RECORDS SHOWN
::::::::
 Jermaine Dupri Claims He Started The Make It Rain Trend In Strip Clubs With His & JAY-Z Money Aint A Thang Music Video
::::::::
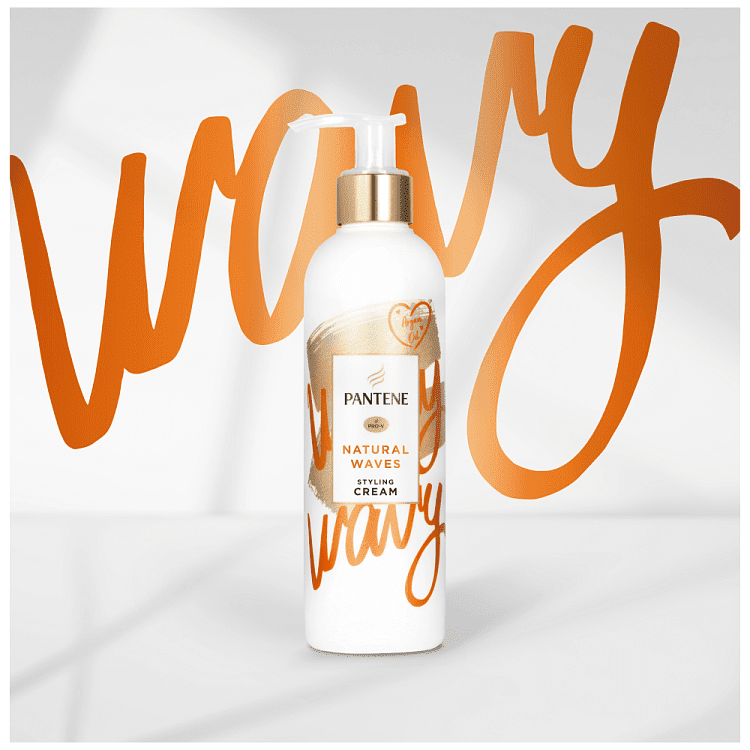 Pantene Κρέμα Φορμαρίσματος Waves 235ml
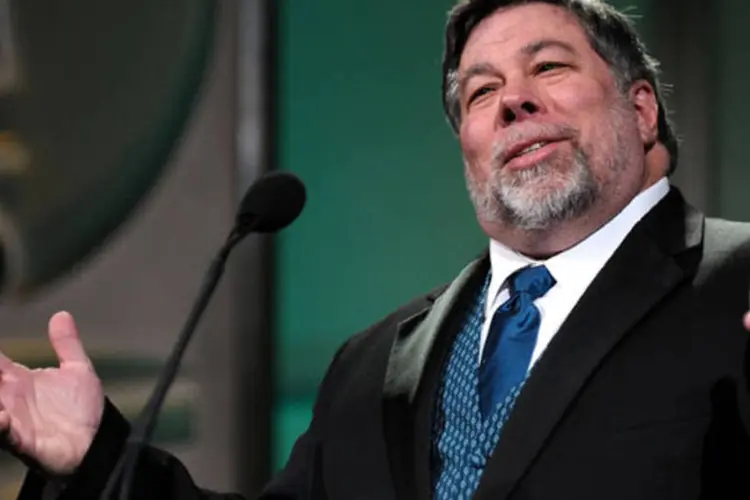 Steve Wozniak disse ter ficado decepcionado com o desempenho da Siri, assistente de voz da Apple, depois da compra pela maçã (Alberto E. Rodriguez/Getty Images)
::::::::
PROBLEM
No picture is to be printed. Output exactly the lines above from the line containing "Pantene Κρέμα Φορμαρίσματος Waves 235ml" through the line containing "Steve Wozniak disse".

SOLUTION FOR THIS TASK
 Pantene Κρέμα Φορμαρίσματος Waves 235ml
 Steve Wozniak disse ter ficado decepcionado com o desempenho da Siri, assistente de voz da Apple, depois da compra pela maçã (Alberto E. Rodriguez/Getty Images)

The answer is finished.